━━ LISTED RECORDS ━━

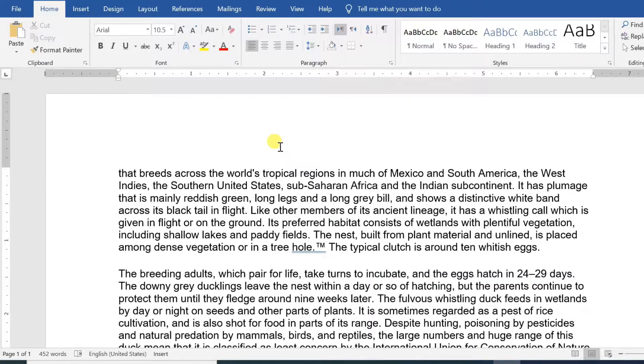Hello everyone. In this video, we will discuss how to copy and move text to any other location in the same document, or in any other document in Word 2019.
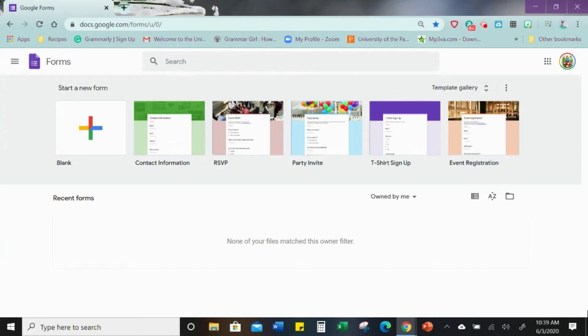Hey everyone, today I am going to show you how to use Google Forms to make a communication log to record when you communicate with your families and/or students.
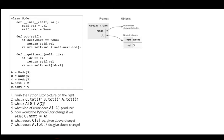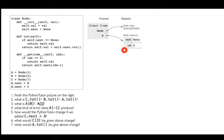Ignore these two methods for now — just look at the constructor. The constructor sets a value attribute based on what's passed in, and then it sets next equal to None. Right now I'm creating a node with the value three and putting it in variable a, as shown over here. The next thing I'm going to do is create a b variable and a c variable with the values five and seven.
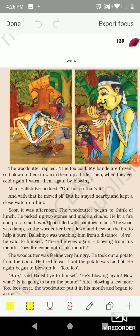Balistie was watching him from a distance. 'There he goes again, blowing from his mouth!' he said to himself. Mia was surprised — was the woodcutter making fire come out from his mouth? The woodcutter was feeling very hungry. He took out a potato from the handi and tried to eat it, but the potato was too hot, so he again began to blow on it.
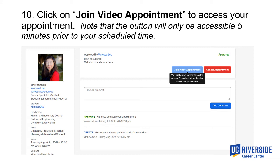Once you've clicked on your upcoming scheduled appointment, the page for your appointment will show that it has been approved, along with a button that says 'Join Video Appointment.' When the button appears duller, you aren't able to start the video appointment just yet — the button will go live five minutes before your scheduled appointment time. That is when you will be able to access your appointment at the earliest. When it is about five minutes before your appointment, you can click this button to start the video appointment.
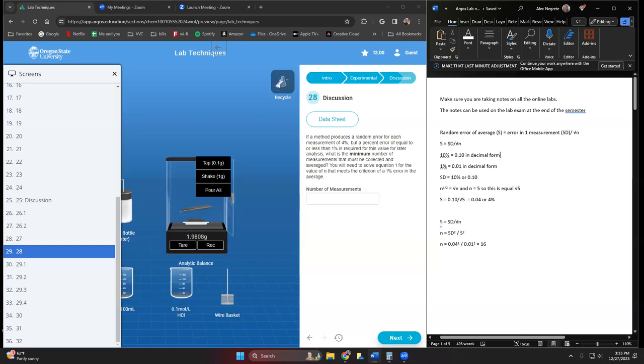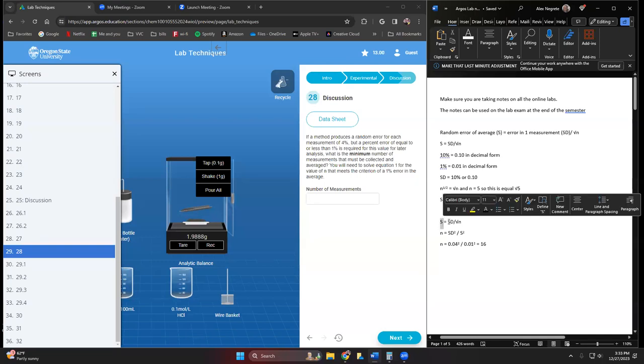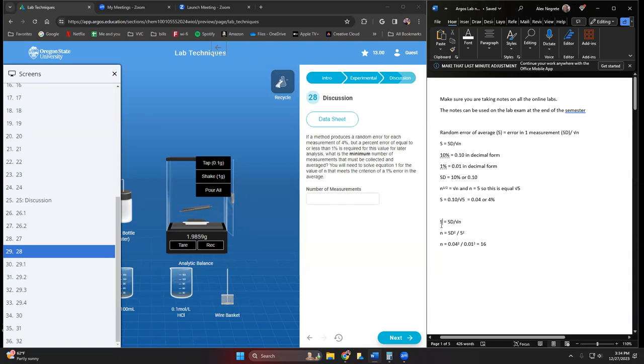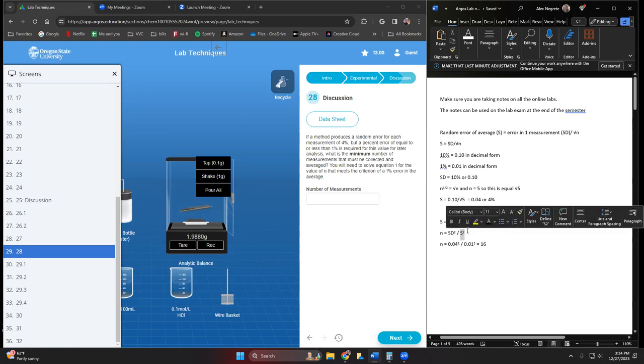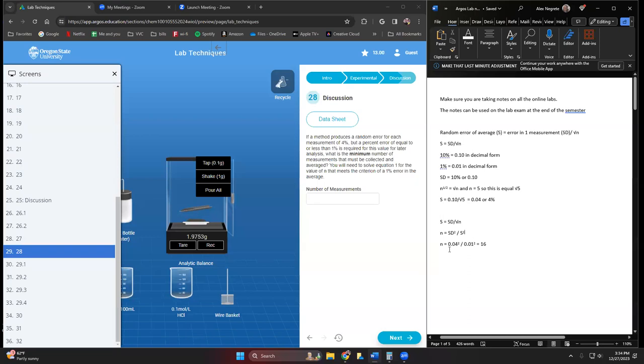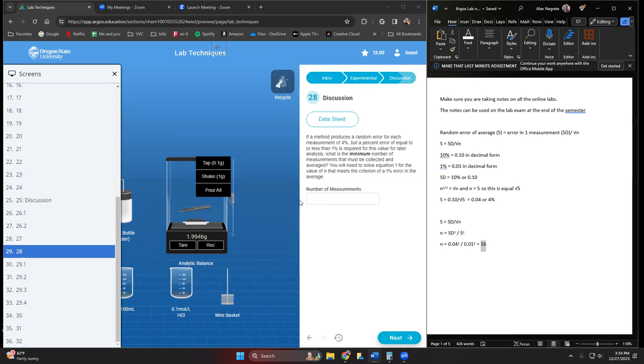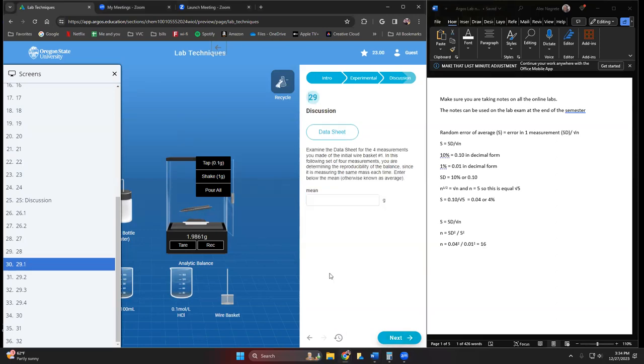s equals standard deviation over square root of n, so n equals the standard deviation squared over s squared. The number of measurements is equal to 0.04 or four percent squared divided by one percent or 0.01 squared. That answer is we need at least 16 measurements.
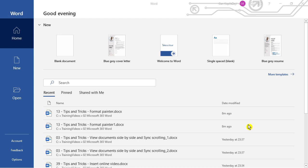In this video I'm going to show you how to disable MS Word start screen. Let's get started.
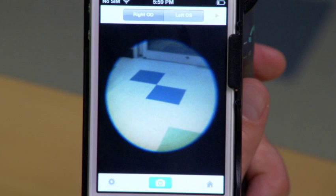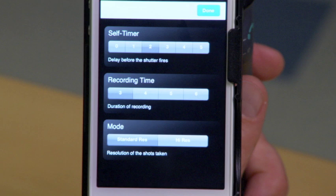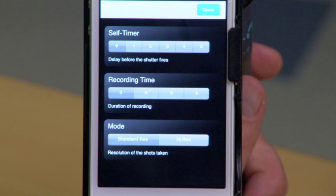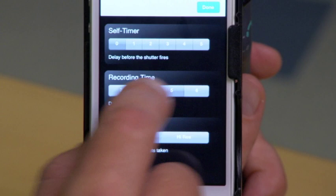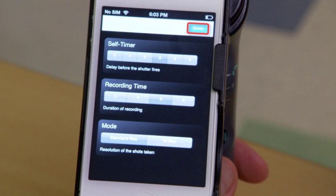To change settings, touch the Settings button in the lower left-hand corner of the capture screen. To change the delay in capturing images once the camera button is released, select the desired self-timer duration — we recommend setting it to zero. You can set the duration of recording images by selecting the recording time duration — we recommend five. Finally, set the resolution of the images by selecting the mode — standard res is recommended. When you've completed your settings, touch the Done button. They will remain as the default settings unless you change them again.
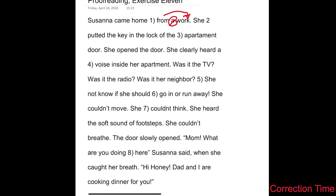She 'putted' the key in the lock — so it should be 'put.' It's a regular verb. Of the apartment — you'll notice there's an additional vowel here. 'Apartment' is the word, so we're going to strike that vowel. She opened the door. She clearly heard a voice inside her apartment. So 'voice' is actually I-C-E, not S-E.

━━━

AIM OF THE EXERCISE -
The records above, minus their pictures, are to be returned word for word.

SOLUTION TO THIS PROBLEM -
Hello everyone. In this video, we will discuss how to copy and move text to any other location in the same document, or in any other document in Word 2019.
Hey everyone, today I am going to show you how to use Google Forms to make a communication log to record when you communicate with your families and/or students.
Ignore these two methods for now — just look at the constructor. The constructor sets a value attribute based on what's passed in, and then it sets next equal to None. Right now I'm creating a node with the value three and putting it in variable a, as shown over here. The next thing I'm going to do is create a b variable and a c variable with the values five and seven.
Balistie was watching him from a distance. 'There he goes again, blowing from his mouth!' he said to himself. Mia was surprised — was the woodcutter making fire come out from his mouth? The woodcutter was feeling very hungry. He took out a potato from the handi and tried to eat it, but the potato was too hot, so he again began to blow on it.
Once you've clicked on your upcoming scheduled appointment, the page for your appointment will show that it has been approved, along with a button that says 'Join Video Appointment.' When the button appears duller, you aren't able to start the video appointment just yet — the button will go live five minutes before your scheduled appointment time. That is when you will be able to access your appointment at the earliest. When it is about five minutes before your appointment, you can click this button to start the video appointment.
s equals standard deviation over square root of n, so n equals the standard deviation squared over s squared. The number of measurements is equal to 0.04 or four percent squared divided by one percent or 0.01 squared. That answer is we need at least 16 measurements.
In this video I'm going to show you how to disable MS Word start screen. Let's get started.
To change settings, touch the Settings button in the lower left-hand corner of the capture screen. To change the delay in capturing images once the camera button is released, select the desired self-timer duration — we recommend setting it to zero. You can set the duration of recording images by selecting the recording time duration — we recommend five. Finally, set the resolution of the images by selecting the mode — standard res is recommended. When you've completed your settings, touch the Done button. They will remain as the default settings unless you change them again.
She 'putted' the key in the lock — so it should be 'put.' It's a regular verb. Of the apartment — you'll notice there's an additional vowel here. 'Apartment' is the word, so we're going to strike that vowel. She opened the door. She clearly heard a voice inside her apartment. So 'voice' is actually I-C-E, not S-E.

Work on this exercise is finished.